Taking Prescription Pain Medicine Safely
Prescription opioid pain medications such as oxycodone and codeine are some of the most commonly abused prescription drugs. And there has certainly been a lot of talk in the media about the very real problem of pain medicine addiction.
Unfortunately, all of that news coverage can sometimes overshadow the fact that these medicines are important tools in treating pain. For many people, opioid medicines—which work by reducing pain signals that are sent to your brain—can be extremely helpful. When used appropriately, these medicines can help manage both short-term and chronic pain.
How can you and your doctor help ensure the safe use of prescription pain medicines and avoid pain medicine addiction?
- Consider other pain relief options first: Opioids can help relieve many kinds of moderate to severe pain, but they should not be prescribed as a first-line treatment for chronic pain. Instead, they may be prescribed for chronic pain when nothing else works. Or, they can be used to treat short-term, acute pain—such as pain a person might experience after surgery or a painful procedure.
- Take your medicine exactly as prescribed: Don’t take more than the prescribed dose or for longer than recommended by your healthcare provider.

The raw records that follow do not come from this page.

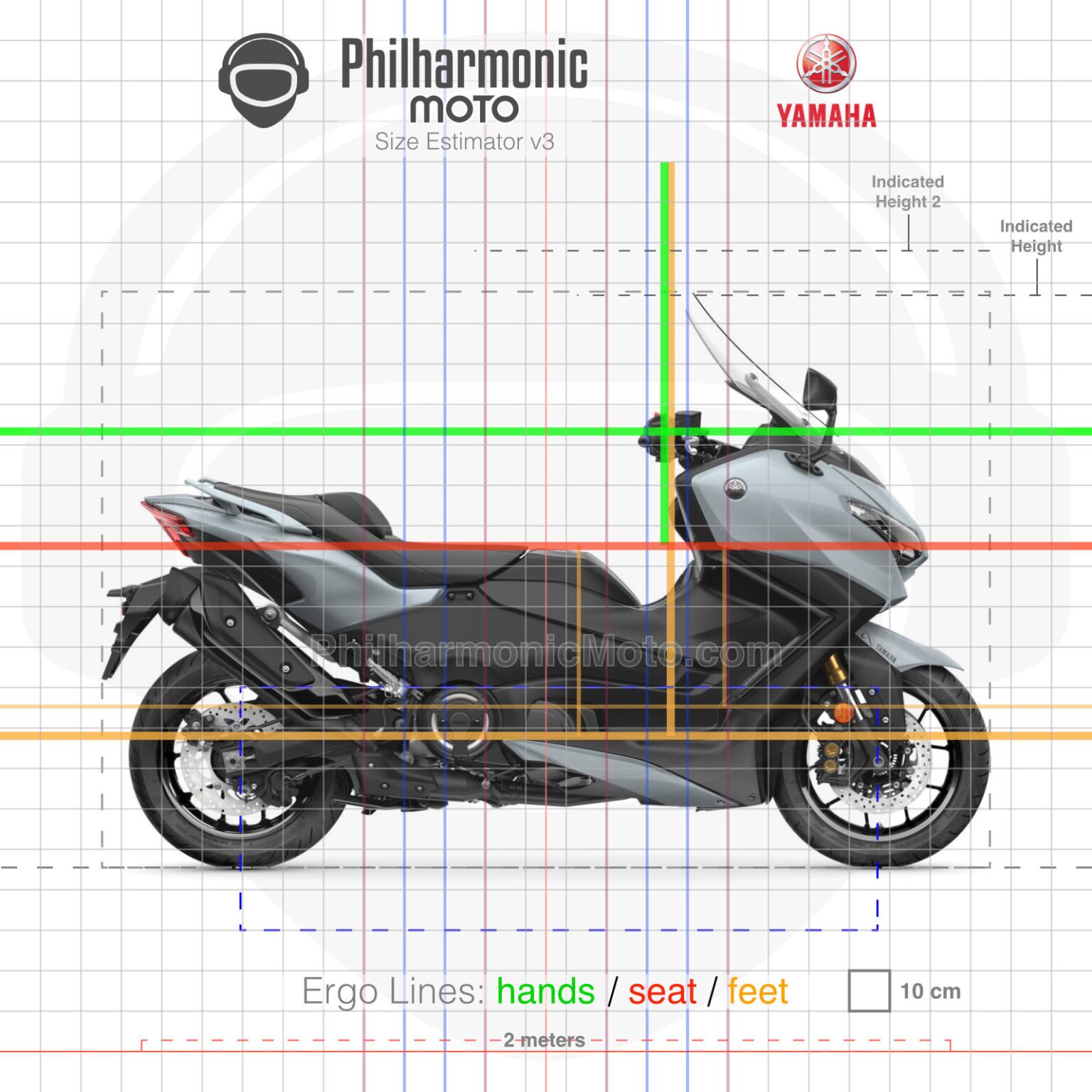 Yamaha TMAX Tech MAX (2025+) Specs and ergonomics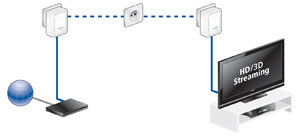 Internet-Fernsehen (IPTV) und die zugeh&ouml;rige Set-Top-Box k&ouml;nnen schnell und einfach mit dem Internetanschluss im Haus verbunden werden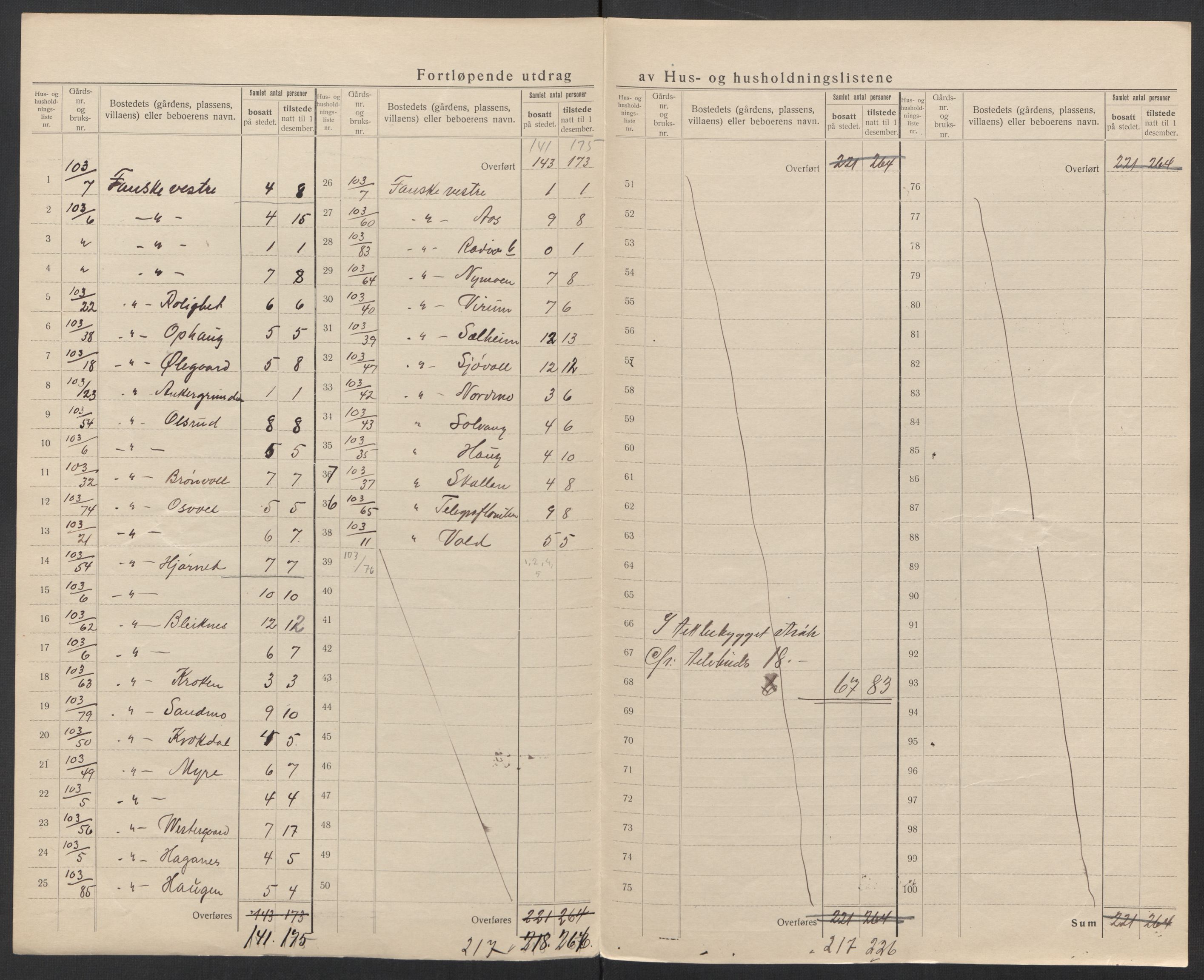 SAT, 1920 census for Fauske, 1920, p. 61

If you have any questions about the directions provided with your prescription, or about whether you can take your pain medicine with other drugs or alcohol, be sure to speak with your pharmacist or the doctor who wrote the prescription.
- Only take medicine that has been prescribed to you: Never take an opioid medicine that has been prescribed for someone else to treat your pain.
- Communicate with your doctor: It’s important to be open and honest with your healthcare provider about your medical history and your past experience of taking pain medications.
- Learn to recognize the signs of addiction: People who are addicted to opioid pain medicines may seem to always be misplacing their prescription and asking for refills, consistently taking more medicine than they need, and visiting multiple doctors to request new prescriptions. It’s up to caregivers, family members, friends, and healthcare providers to help recognize when someone close to them may be suffering from addiction and seek treatment and support.
- Do not keep old pain medicine in your home: Unlike other prescription medicines such as antibiotics, which you’re told to take until the prescription runs out or your doctor tells you to stop, usually your healthcare provider will ask you to only use prescription pain medicines as needed to control pain or regularly until your pain stops. Do not store an old prescription in your home, and only use it to treat the pain for which it was prescribed. For information on the proper disposal of medicines, visit the U.S. Food and Drug Administration.
- Store your medicine in a safe place: Always keep opioid medicines locked up where younger family members or friends can’t access them, especially when you’re having a party, and when workers or visitors at your home.
Weighing the risks and benefits of opioid pain medicine is extremely important, as is keeping an open line of communication with your healthcare provider while taking them. This can help you avoid unnecessary complications. All medicines can be useful, but they must be taken appropriately to provide the most benefit while risking the least harm.
- 1. National Institute on Drug Abuse. Commonly abused prescription drugs. Updated October 2011.
- 2. Fields H. State-dependent opioid control of pain. Nat Rev Neurosci.2004 Jul; 5: 565-575. Doi: 10.1038/nrn1431.
- 3. Savage SR, Kirsh KL, Passik SD. Challenges in using opioids to treat pain in persons with substance use disorders. Addict Sci Clin Pract. 2008 Jun; 4(2): 4-25.
- 4. Ballantyne JC and Mao J. Opioid therapy for chronic pain. N Engl J Med. 2003 Nov 13; 349: 1943-53. doi: 10.1056/NEJMra025411.
- 5. Package insert: Oxycontin. Purdue Pharma.